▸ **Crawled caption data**

++++++

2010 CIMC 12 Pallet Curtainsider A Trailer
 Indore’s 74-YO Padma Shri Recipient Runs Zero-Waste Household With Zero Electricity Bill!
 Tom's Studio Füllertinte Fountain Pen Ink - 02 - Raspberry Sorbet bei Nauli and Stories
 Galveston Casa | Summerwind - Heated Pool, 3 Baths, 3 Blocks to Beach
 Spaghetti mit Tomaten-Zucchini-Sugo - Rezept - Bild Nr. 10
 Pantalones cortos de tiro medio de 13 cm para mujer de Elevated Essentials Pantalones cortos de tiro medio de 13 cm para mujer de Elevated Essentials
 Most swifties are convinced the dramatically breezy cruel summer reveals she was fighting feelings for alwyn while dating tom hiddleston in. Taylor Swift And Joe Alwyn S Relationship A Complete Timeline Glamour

++++++

▸ **Task statement**
Return the data above in full, keeping each line exactly as it stands.

▸ **Solution for this exercise**
2010 CIMC 12 Pallet Curtainsider A Trailer
 Indore’s 74-YO Padma Shri Recipient Runs Zero-Waste Household With Zero Electricity Bill!
 Tom's Studio Füllertinte Fountain Pen Ink - 02 - Raspberry Sorbet bei Nauli and Stories
 Galveston Casa | Summerwind - Heated Pool, 3 Baths, 3 Blocks to Beach
 Spaghetti mit Tomaten-Zucchini-Sugo - Rezept - Bild Nr. 10
 Pantalones cortos de tiro medio de 13 cm para mujer de Elevated Essentials Pantalones cortos de tiro medio de 13 cm para mujer de Elevated Essentials
 Most swifties are convinced the dramatically breezy cruel summer reveals she was fighting feelings for alwyn while dating tom hiddleston in. Taylor Swift And Joe Alwyn S Relationship A Complete Timeline Glamour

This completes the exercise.